Review: LG Touch 10 ET83 Multi-touch Monitor
When it comes to monitors, folks tend to be incredibly picky or don’t really care. You’re either in the crowd that asks for IPS and HDMI ports, or you’re just looking for something “that looks really good” to use for video games and the like. It’s pretty rare for people to be somewhere between the two extremes, but it’s not impossible. If you’re more of the former than the latter, the LG Touch 10 ET83 Multi-touch monitor is probably for you.
As the name implies, the monitor’s all about touching. It’s also optimized for Windows 8, but I’m still stuck in the age of Windows 7, so there’s a few odds and ends that I missed out on during my review. I’m supposed to have a Win 8 machine within a couple weeks — not sure how I feel about this — so perhaps I’ll revisit the LG Touch 10 ET83 Multi-touch at a later date.
Even with the pitfalls of Win 7, the touch interface works well. My computer’s a little sluggish, which is a hazard of desperately needing to upgrade, but my keystrokes with the on-screen keyboard always registered accurately. There was some fumbling when trying to click on links and bookmarks and such, but that’s user error more than the fault of the monitor. I’ve only ever owned one touchscreen computer previously, and it’s actually not like riding a bike that way.
One major problem I’ve always had with touchscreens, and humanity likely always will, is the smudges left from my fingers. The only real solution seems to be wiping them off periodically, but the LG Touch 10 ET83 Multi-touch doesn’t make them horribly apparent during use. Assuming you’re not trying to position it at a bunch of awkward angles, the smudges aren’t really visible until it’s powered down. Even then, it’s just a matter of running a cloth across it, and that’s if you really care about that sort of thing.
If that really bothers you, don’t use the touch functionality. It’s as simple as that. It’s still a perfectly capable monitor without it.
The monitor’s 23″ screen is perfect for regular use watching video, playing games, or just surfing the Internet. IPS is a welcome addition, and there were no real issues had with anything like ghosting during the course of my review. The monitor I use on the regular is a Dell from something like 2009, so my time spent with the LG Touch 10 ET83 Multi-touch felt a little bit like a dream.
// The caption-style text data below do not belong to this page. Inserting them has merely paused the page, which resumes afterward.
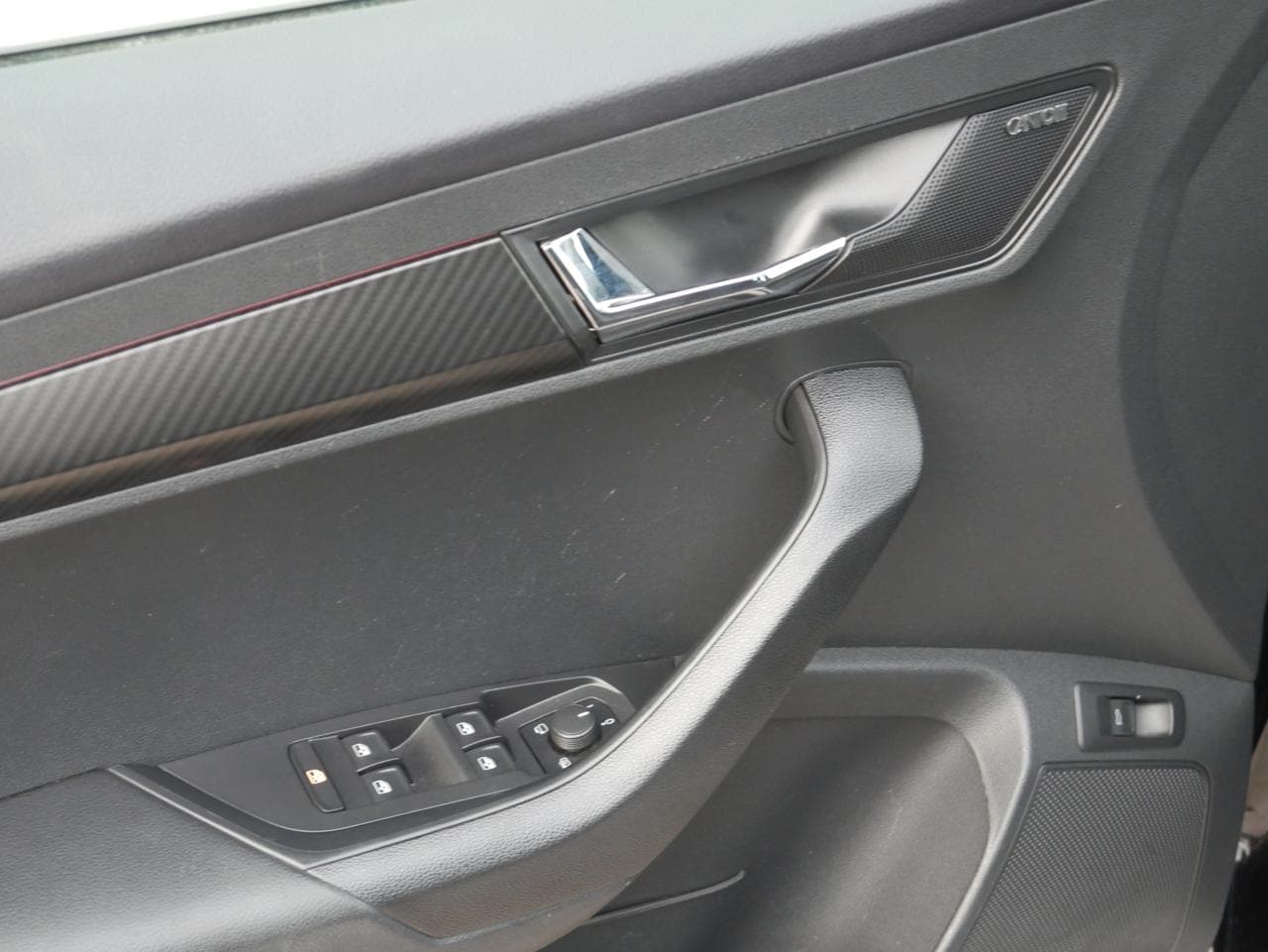 2021 Škoda KAROQ - 25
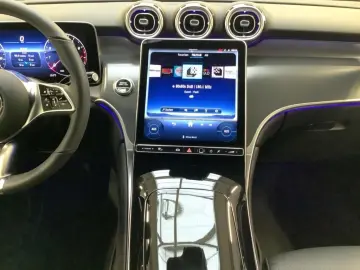 MERCEDES-BENZ GLC 200 4M Coupé Avantgarde LED Kamera&hellip;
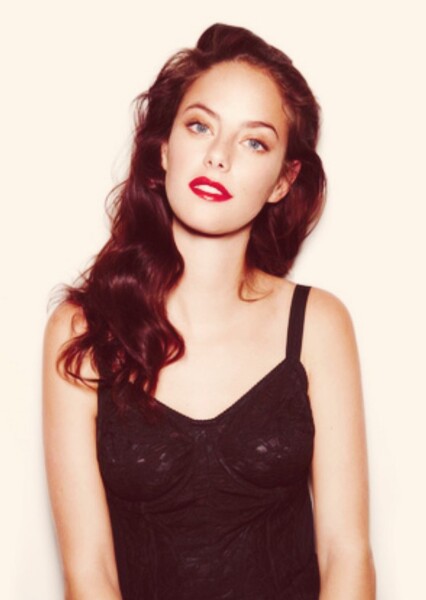 Kaya Scodelario photo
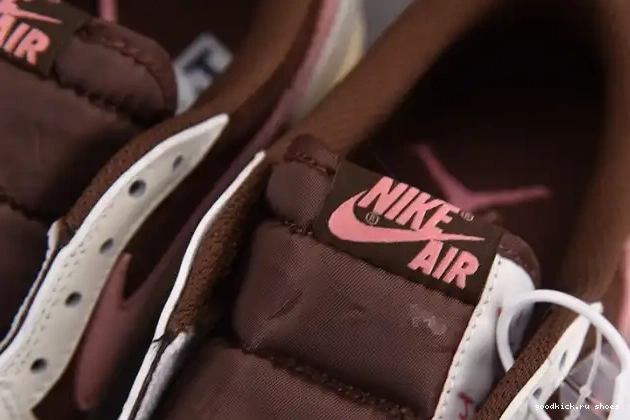 Rep AJ 1 OG SP x Scott DZ4137-206 Travis Low 0617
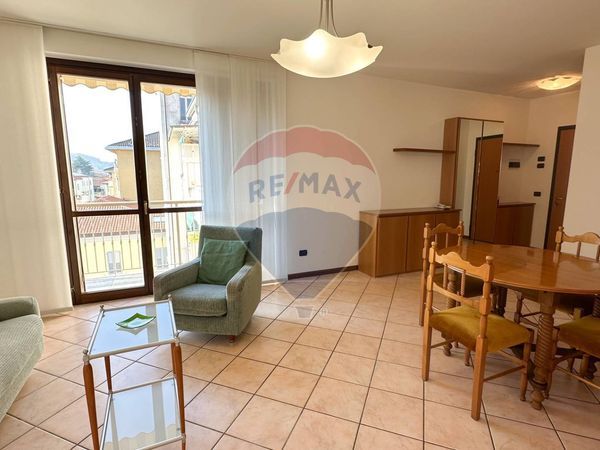 Appartamento Luino, VA Affitto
Thanks to the inclusion of two HDMI ports, and the ease with which the monitor switches through different inputs, using anything else with an HDMI out is a breeze. As a test, I plugged in my Xbox 360 to the back, expecting to have to fight with it somehow in order to get it working correctly. Nope. It immediately recognized that I’d plugged the console in, and Castle Crashers has honestly never looked better.
If you’re someone that’s really into touchscreens, and you’ve got Windows 8, I’d say it’s hard to go wrong with the LG Touch 10 ET83 Multi-touch monitor. If, on the other hand, you’re just looking for a nice monitor to surf the web with your keyboard and mouse, this particular monitor won’t steer you wrong, but you also might be better off looking for a cheaper alternative that maybe doesn’t have as many bells and whistles.
You can check out the full technical specs here, if that’s your kind of thing. List price sits at $549.99 currently, but it looks like most places, including Amazon, are selling it for $499.99.
In the interest of full disclosure: The LG Touch 10 ET83 Multi-touch monitor was provided for review by LG Electronics through Ogilvy Public Relations. The views and opinions expressed above are that of the reviewer, and neither LG nor Ogilvy has had any say in the matter.